→ **DATA TO USE**:
◇ ◇ ◇

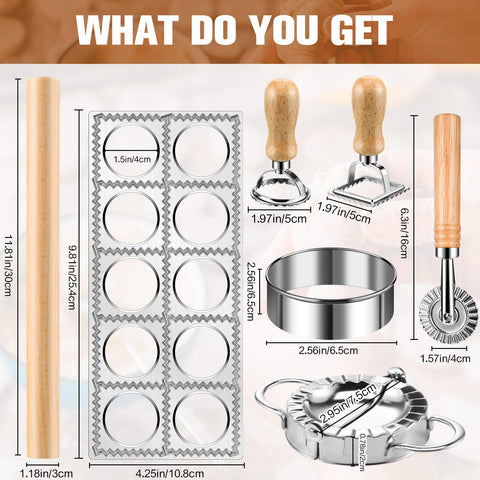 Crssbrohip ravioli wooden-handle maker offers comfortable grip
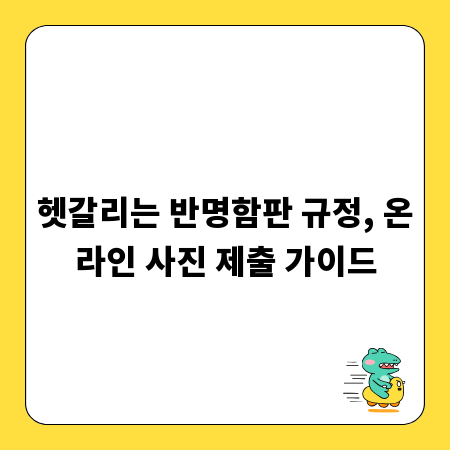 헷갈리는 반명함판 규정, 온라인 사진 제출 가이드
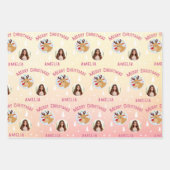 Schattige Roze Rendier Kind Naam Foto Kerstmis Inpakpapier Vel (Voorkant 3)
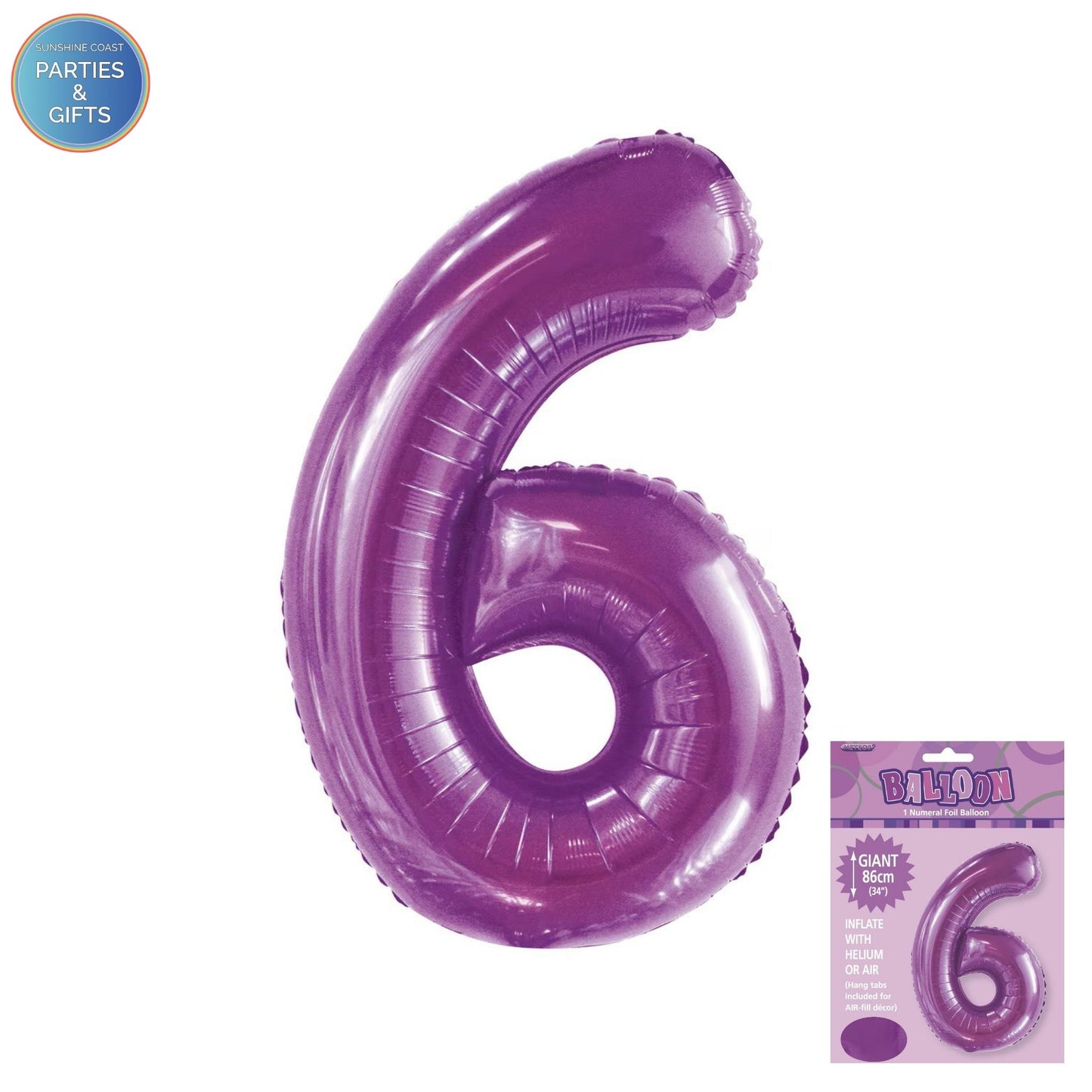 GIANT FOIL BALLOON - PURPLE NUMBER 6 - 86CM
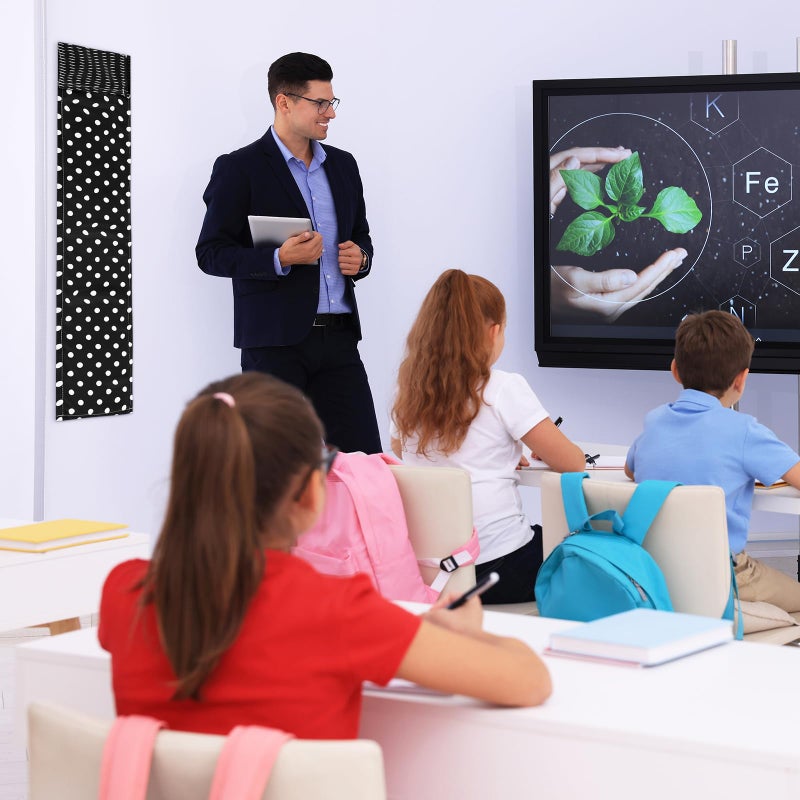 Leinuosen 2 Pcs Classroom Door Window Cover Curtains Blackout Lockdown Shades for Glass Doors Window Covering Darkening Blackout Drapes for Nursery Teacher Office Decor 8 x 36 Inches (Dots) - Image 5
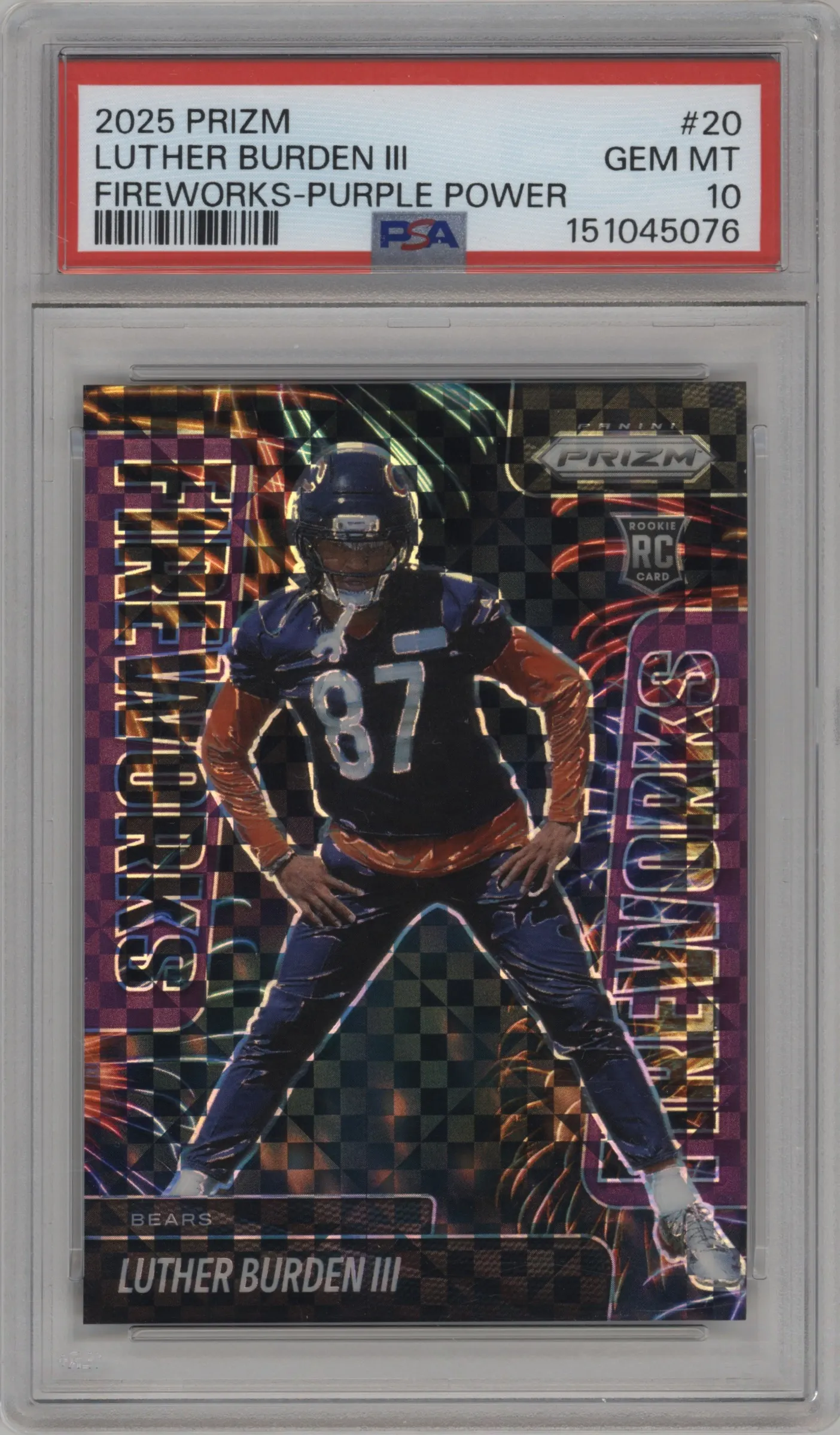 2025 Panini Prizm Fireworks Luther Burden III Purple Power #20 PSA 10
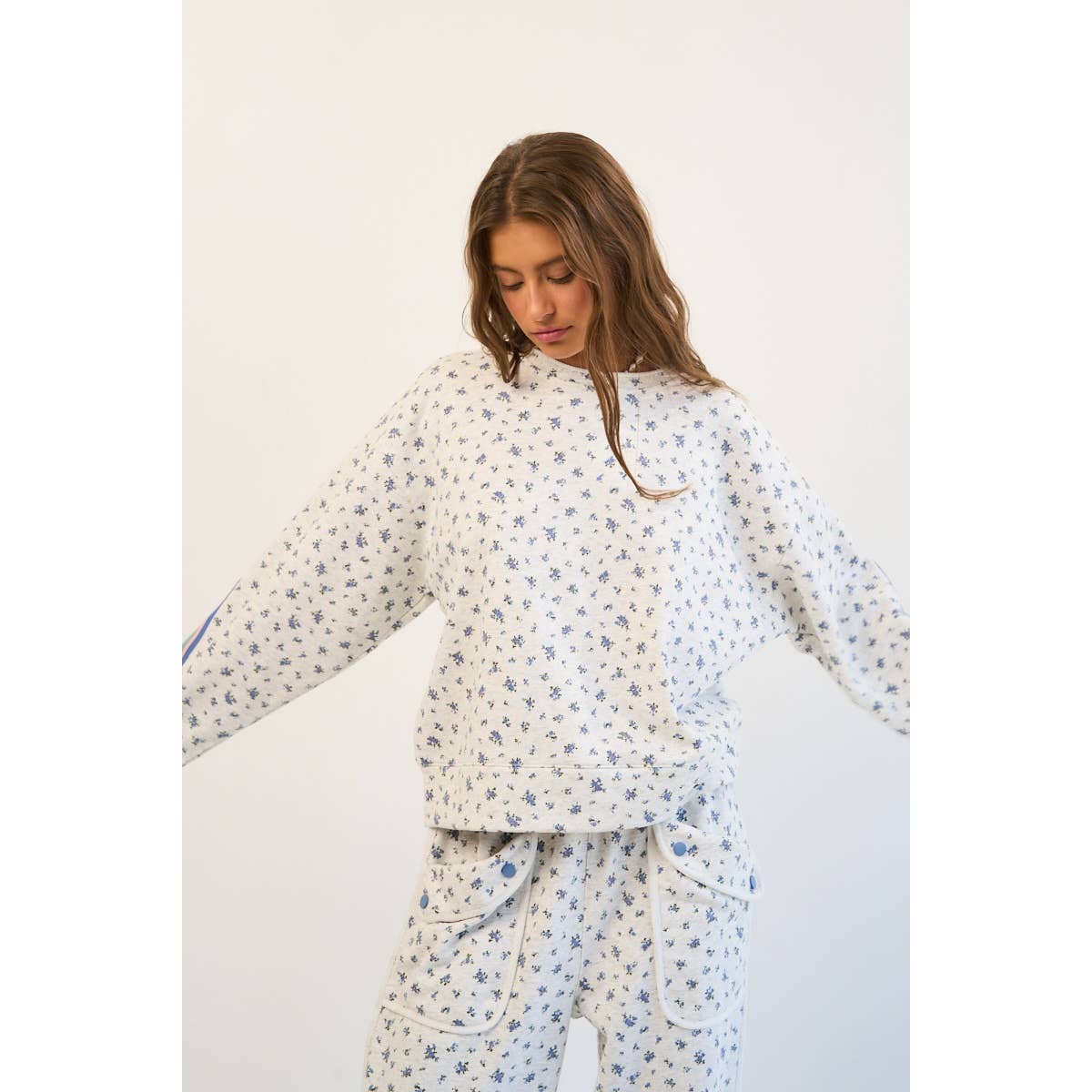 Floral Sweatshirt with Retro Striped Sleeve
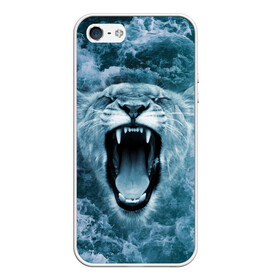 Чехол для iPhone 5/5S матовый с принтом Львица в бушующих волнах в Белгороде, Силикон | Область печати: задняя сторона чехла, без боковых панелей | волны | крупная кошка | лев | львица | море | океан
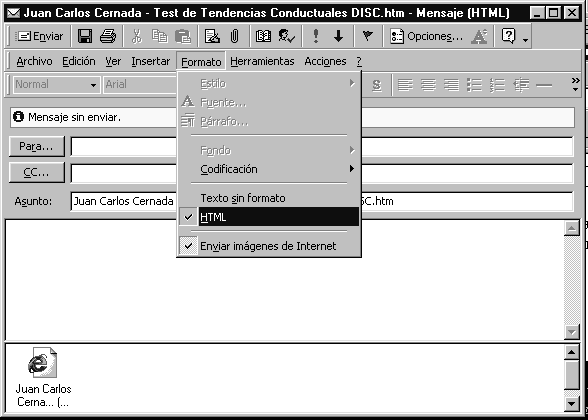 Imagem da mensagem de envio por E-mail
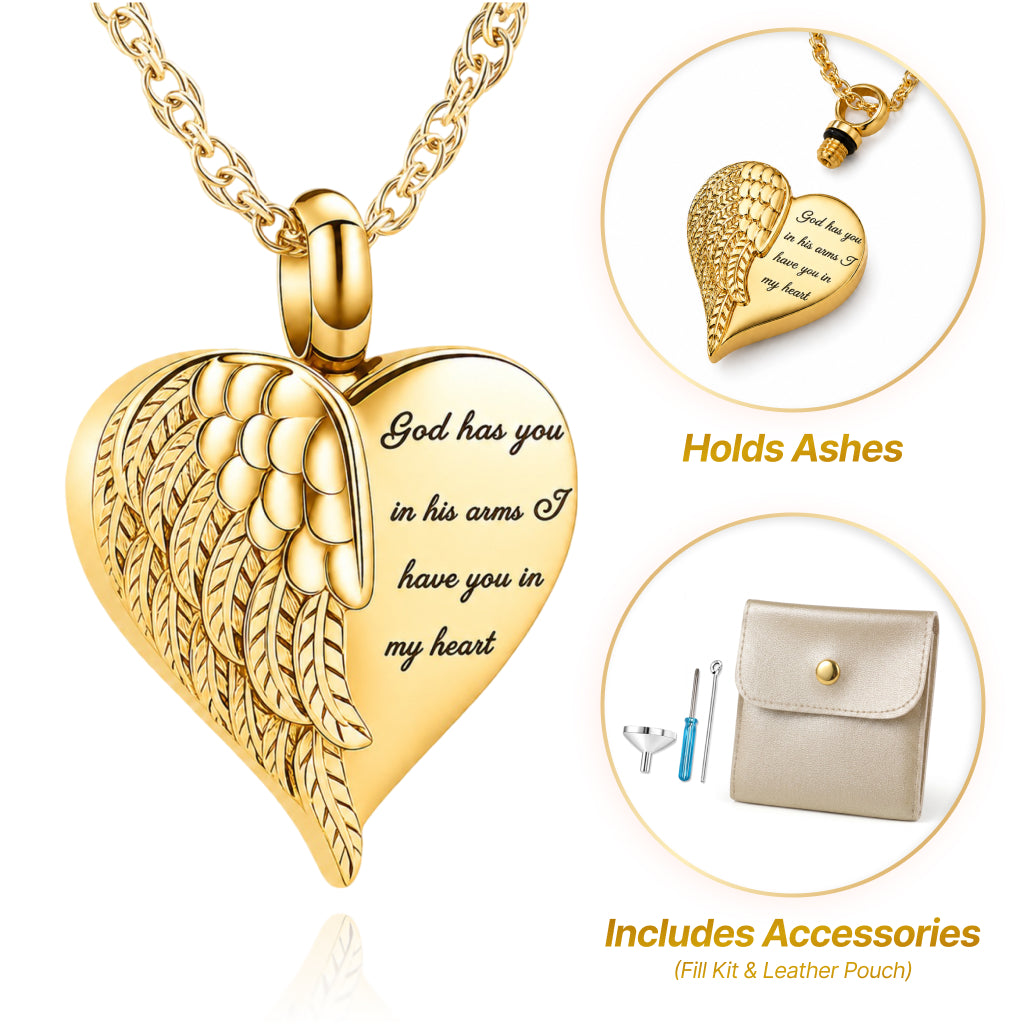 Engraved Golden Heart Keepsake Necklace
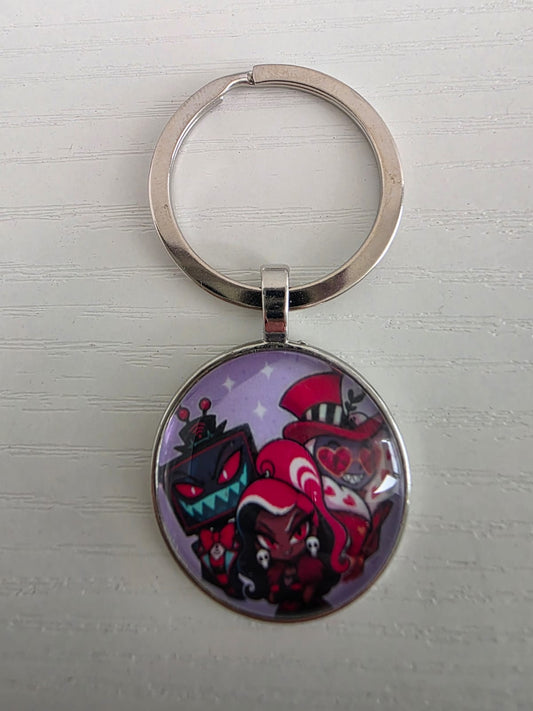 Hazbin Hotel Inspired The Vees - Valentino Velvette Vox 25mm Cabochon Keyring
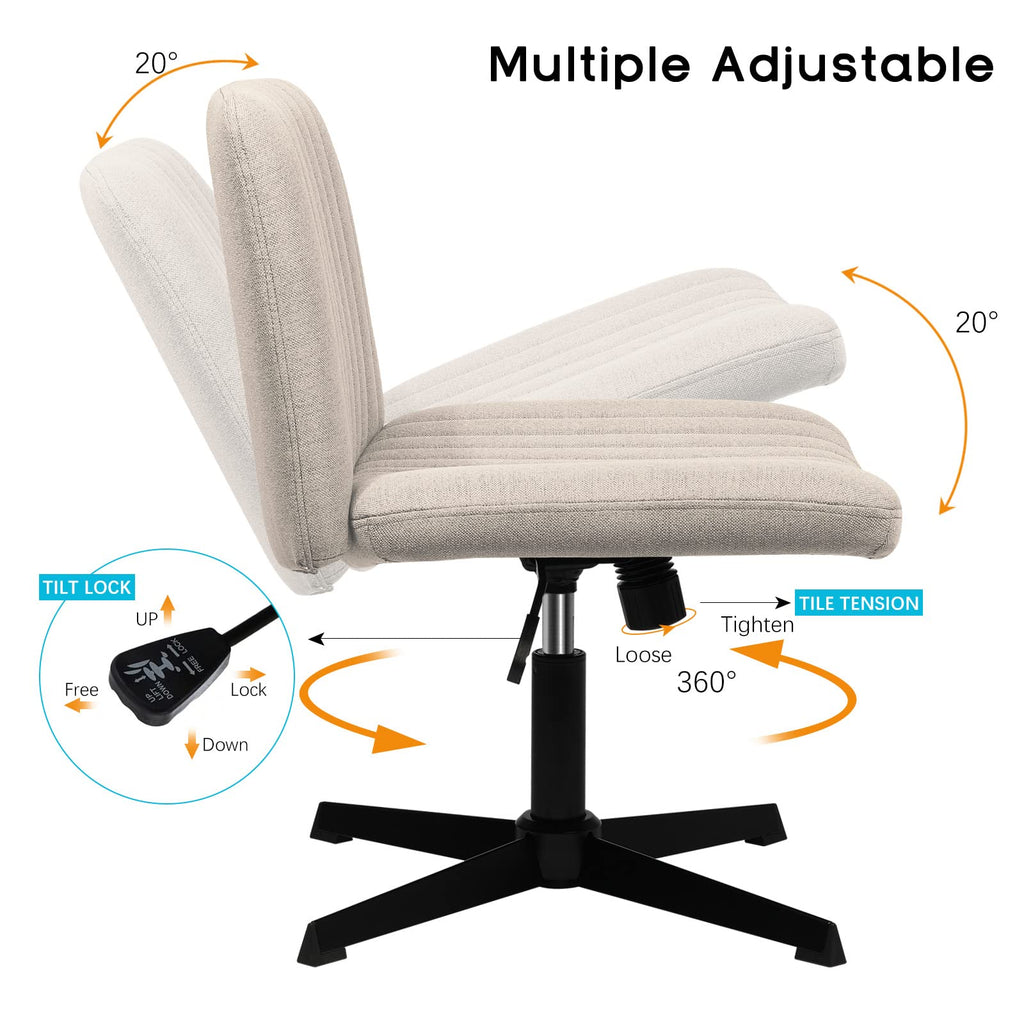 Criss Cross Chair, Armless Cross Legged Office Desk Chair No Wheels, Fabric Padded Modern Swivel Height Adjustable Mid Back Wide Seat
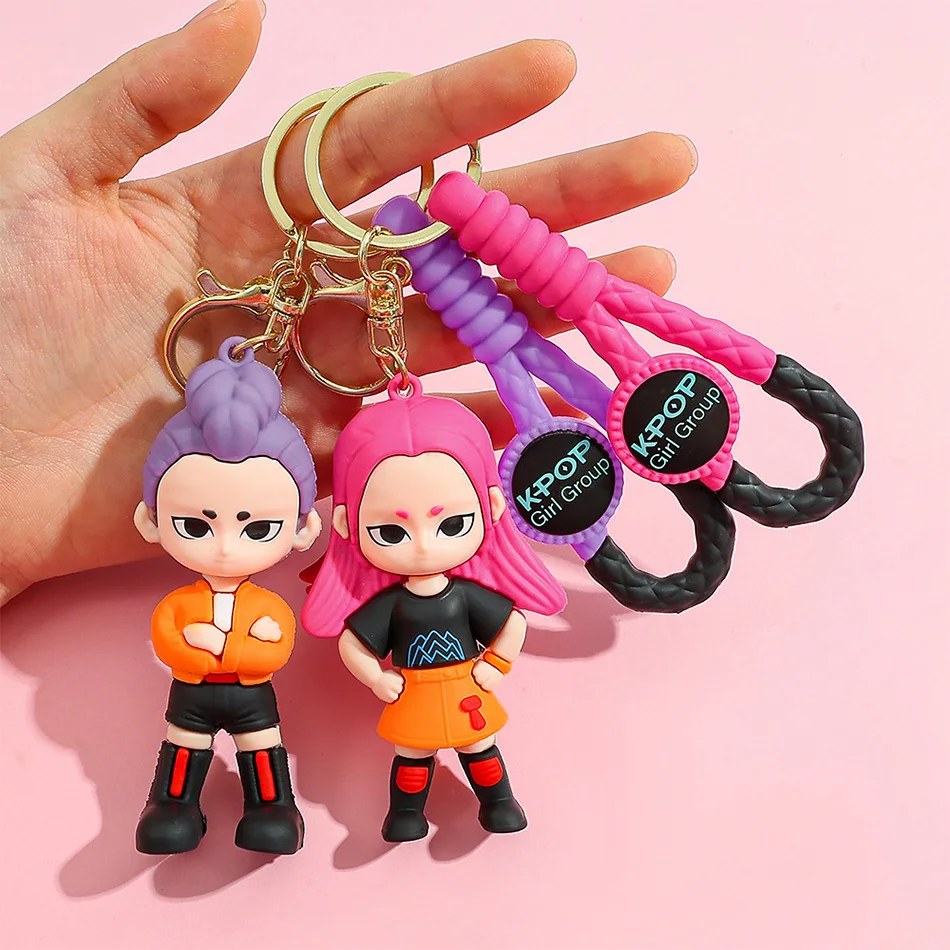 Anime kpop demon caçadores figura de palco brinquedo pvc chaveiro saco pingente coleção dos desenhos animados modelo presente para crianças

◇ ◇ ◇

→ **WHAT TO WORK ON**:
Return each entry exactly as it stands above, apart from any images.

→ **TASK OUTPUT**:
 Crssbrohip ravioli wooden-handle maker offers comfortable grip
 헷갈리는 반명함판 규정, 온라인 사진 제출 가이드
 Schattige Roze Rendier Kind Naam Foto Kerstmis Inpakpapier Vel (Voorkant 3)
 GIANT FOIL BALLOON - PURPLE NUMBER 6 - 86CM
 Leinuosen 2 Pcs Classroom Door Window Cover Curtains Blackout Lockdown Shades for Glass Doors Window Covering Darkening Blackout Drapes for Nursery Teacher Office Decor 8 x 36 Inches (Dots) - Image 5
 2025 Panini Prizm Fireworks Luther Burden III Purple Power #20 PSA 10
 Floral Sweatshirt with Retro Striped Sleeve
 Чехол для iPhone 5/5S матовый с принтом Львица в бушующих волнах в Белгороде, Силикон | Область печати: задняя сторона чехла, без боковых панелей | волны | крупная кошка | лев | львица | море | океан
 Imagem da mensagem de envio por E-mail
 Engraved Golden Heart Keepsake Necklace
 Hazbin Hotel Inspired The Vees - Valentino Velvette Vox 25mm Cabochon Keyring
 Criss Cross Chair, Armless Cross Legged Office Desk Chair No Wheels, Fabric Padded Modern Swivel Height Adjustable Mid Back Wide Seat
 Anime kpop demon caçadores figura de palco brinquedo pvc chaveiro saco pingente coleção dos desenhos animados modelo presente para crianças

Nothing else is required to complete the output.